Abstract: Distribution shifts introduce uncertainty that undermines the robustness and generalization capabilities of machine learning models. While conventional wisdom suggests that learning causal-invariant representations enhances robustness to such shifts, recent empirical studies present a counterintuitive finding: (i) empirical risk minimization (ERM) can rival or even outperform state-of-the-art out-of-distribution (OOD) generalization methods, and (ii) its OOD generalization performance improves when all available covariates, not just causal ones, are utilized. Drawing on both empirical and theoretical evidence, we attribute this phenomenon to hidden confounding. Shifts in hidden confounding induce changes in data distributions that violate assumptions commonly made by existing OOD generalization approaches. Under such conditions, we prove that effective generalization requires learning environment-specific relationships, rather than relying solely on invariant ones. Furthermore, we show that models augmented with proxies for hidden confounders can mitigate the challenges posed by hidden confounding shifts. These findings offer new theoretical insights and practical guidance for designing robust OOD generalization algorithms and principled covariate selection strategies.

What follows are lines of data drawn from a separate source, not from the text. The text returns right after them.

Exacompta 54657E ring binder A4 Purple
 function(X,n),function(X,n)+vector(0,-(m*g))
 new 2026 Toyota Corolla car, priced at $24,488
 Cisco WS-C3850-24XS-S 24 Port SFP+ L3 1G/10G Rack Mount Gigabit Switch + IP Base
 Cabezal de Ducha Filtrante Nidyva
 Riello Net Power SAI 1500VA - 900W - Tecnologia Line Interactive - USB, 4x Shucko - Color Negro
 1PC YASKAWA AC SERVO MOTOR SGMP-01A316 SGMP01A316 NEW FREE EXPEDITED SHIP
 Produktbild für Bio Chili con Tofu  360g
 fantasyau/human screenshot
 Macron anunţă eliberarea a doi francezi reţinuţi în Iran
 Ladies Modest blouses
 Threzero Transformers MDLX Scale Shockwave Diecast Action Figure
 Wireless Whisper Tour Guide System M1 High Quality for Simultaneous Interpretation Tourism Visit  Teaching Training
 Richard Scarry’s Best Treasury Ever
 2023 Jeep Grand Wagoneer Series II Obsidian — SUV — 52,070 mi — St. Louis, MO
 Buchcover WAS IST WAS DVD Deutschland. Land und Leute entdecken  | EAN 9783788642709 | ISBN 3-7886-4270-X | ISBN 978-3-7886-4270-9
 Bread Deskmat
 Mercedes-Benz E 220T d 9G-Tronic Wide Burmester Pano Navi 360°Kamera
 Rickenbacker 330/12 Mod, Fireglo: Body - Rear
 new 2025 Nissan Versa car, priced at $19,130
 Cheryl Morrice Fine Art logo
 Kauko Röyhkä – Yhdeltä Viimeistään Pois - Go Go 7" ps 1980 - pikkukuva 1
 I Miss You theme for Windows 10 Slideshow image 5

Comment: The paper provides theoretical insights into distribution shifts and hidden confounding, which aligns with emerging trends and foundational research.

Relevance: 9 Novelty: 9

4. Towards Interpretability Without Sacrifice: Faithful Dense Layer Decomposition with Mixture of Decoders

ArXiv ID: 2505.21364

Authors: James Oldfield, Shawn Im, Yixuan Li, Mihalis A. Nicolaou, Ioannis Patras, Grigorios G Chrysos

Abstract: Multilayer perceptrons (MLPs) are an integral part of large language models, yet their dense representations render them difficult to understand, edit, and steer. Recent methods learn interpretable approximations via neuron-level sparsity, yet fail to faithfully reconstruct the original mapping--significantly increasing model's next-token cross-entropy loss. In this paper, we advocate for moving to layer-level sparsity to overcome the accuracy trade-off in sparse layer approximation. Under this paradigm, we introduce Mixture of Decoders (MxDs). MxDs generalize MLPs and Gated Linear Units, expanding pre-trained dense layers into tens of thousands of specialized sublayers. Through a flexible form of tensor factorization, each sparsely activating MxD sublayer implements a linear transformation with full-rank weights--preserving the original decoders' expressive capacity even under heavy sparsity. Experimentally, we show that MxDs significantly outperform state-of-the-art methods (e.g., Transcoders) on the sparsity-accuracy frontier in language models with up to 3B parameters. Further evaluations on sparse probing and feature steering demonstrate that MxDs learn similarly specialized features of natural language--opening up a promising new avenue for designing interpretable yet faithful decompositions. Our code is included at: https://github.com/james-oldfield/MxD/.

Comment: The paper introduces Mixture of Decoders (MxDs) for interpretable dense layer decomposition, relevant to model architecture and sparsity.